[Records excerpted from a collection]
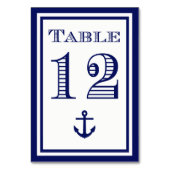 Einfache Navy Blue Gerahmt Ankertafel #12 Tischnummer (Rückseite)
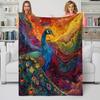 Artistic Peacock Feather Print Throw Blanket - Vintage Boho Bird Motif Soft Lightweight Accent for Sofa Bed Travel Office Gift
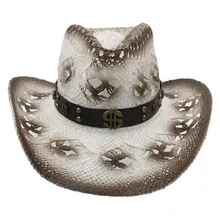 Женская и Мужская Западная ковбойская шляпа с модной лентой для денег, ручная работа, плетеная пляжная Солнцезащитная Женская ковбойская шляпа, размер 58 см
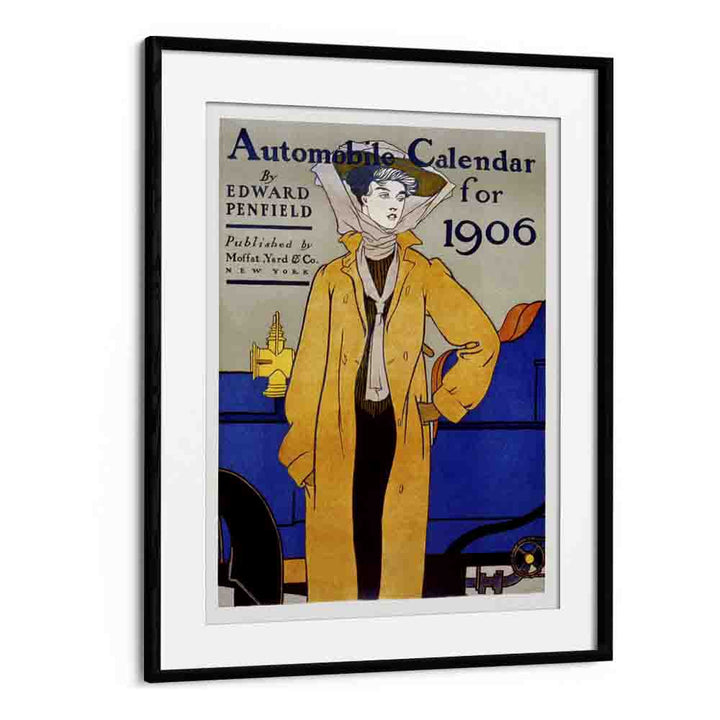 Automobile Calendar For 1906 Ca. 1905 Vintage Paintings in Black Frame With Mount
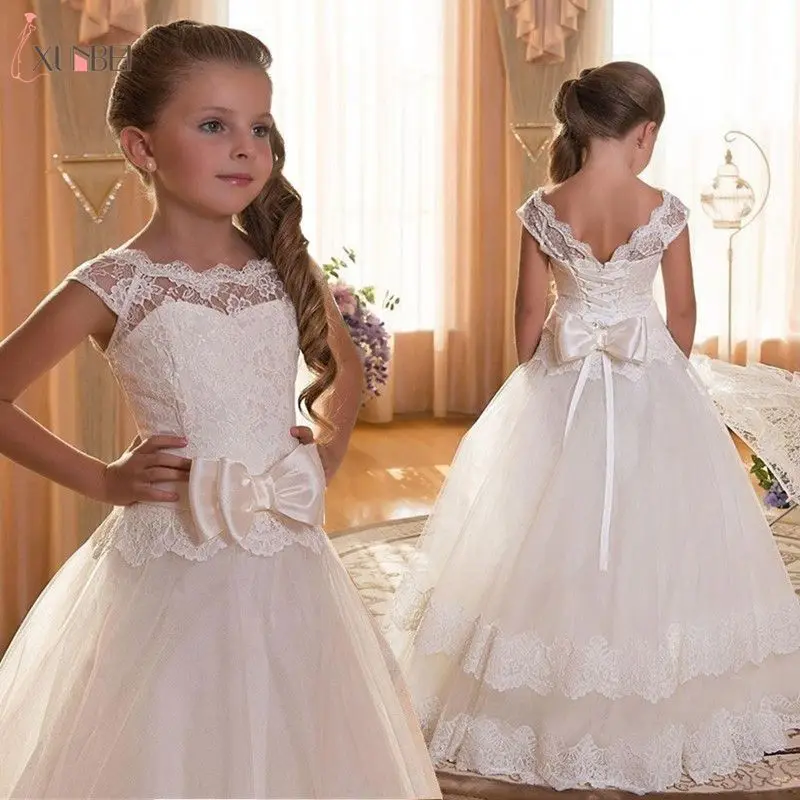 

Big Bow Lace Flower Girl Dresses Ankle Length Girls Pageant Dresses First Communion Dresses Wedding Party Dress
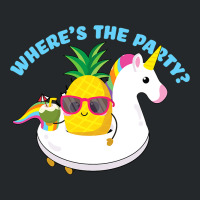 Funny Unicorn Pineapple Swingers Wheres The Party Crewneck Sweatshirt | Artistshot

- [What to produce] Please print the data above once more, exactly and without images.

- [Your solution]
 Einfache Navy Blue Gerahmt Ankertafel #12 Tischnummer (Rückseite)
 Artistic Peacock Feather Print Throw Blanket - Vintage Boho Bird Motif Soft Lightweight Accent for Sofa Bed Travel Office Gift
 Женская и Мужская Западная ковбойская шляпа с модной лентой для денег, ручная работа, плетеная пляжная Солнцезащитная Женская ковбойская шляпа, размер 58 см
 Automobile Calendar For 1906 Ca. 1905 Vintage Paintings in Black Frame With Mount

Big Bow Lace Flower Girl Dresses Ankle Length Girls Pageant Dresses First Communion Dresses Wedding Party Dress
 Funny Unicorn Pineapple Swingers Wheres The Party Crewneck Sweatshirt | Artistshot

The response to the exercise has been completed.